The Irish economy will see a post-Covid growth surge which is expected to create 160,000 jobs over the next two years, reducing unemployment to below 6 per cent, according to the Central Bank.

Its latest bulletin predicts growth of 15.3 per cent this year, and 7.2 per cent next year on the back of a rapid resurgence in consumer spending linked to €16.2 billion of excess savings built up during the pandemic.

It warned that businesses and households are facing higher costs due to pent-up demand and supply bottlenecks, The Irish Times reports.

These factors are leading to higher transport, energy and input costs across the economy, along with demands for higher wages in line with the increased cost of living.

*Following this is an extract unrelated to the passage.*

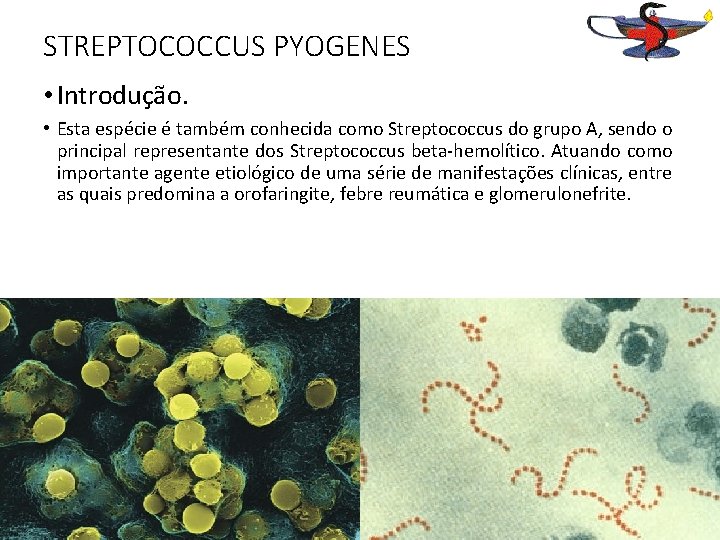 STREPTOCOCCUS PYOGENES • Introdução. • Esta espécie é também conhecida como Streptococcus do grupo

The report predicts average earnings will rise by 5.1 per cent this year, due to labour shortages in different sectors, particularly construction

“As the easing of public health restrictions continues the rebound in the Irish economy in recent months is expected to be followed by a sustained period of robust growth,” the Central Bank said.

“Domestic consumption, investment and employment are currently growing at a pace at or above what was expected at the time of the last bulletin,” it said.

Domestic economic activity is expected to return to pre-pandemic levels this year, while it should return to where it would have been in the absence of the pandemic by 2023.

It predicted the recovering economy would create 160,000 new jobs over the forecast period out to 2023, which will result in an unemployment rate of 5.9 per cent.

The Covid-adjusted unemployment rate currently stands at 12.4 per cent.

However, their will be “some persistence” in the unemployment rate as some sectors will take longer to recover and return to pre-Covid levels of employment.

The Central Bank also warned that the Government’s pandemic spending posed a risk to public finances

While not directly criticising the Government’s budgetary strategy, the Central Banks director of economics and statistics Mark Cassidy said that “by putting more money into the economy than you’re taking out – which is what a budget deficit does – you are increasing demand pressures at a time when the economy is getting back towards capacity at a faster rate than we thought”.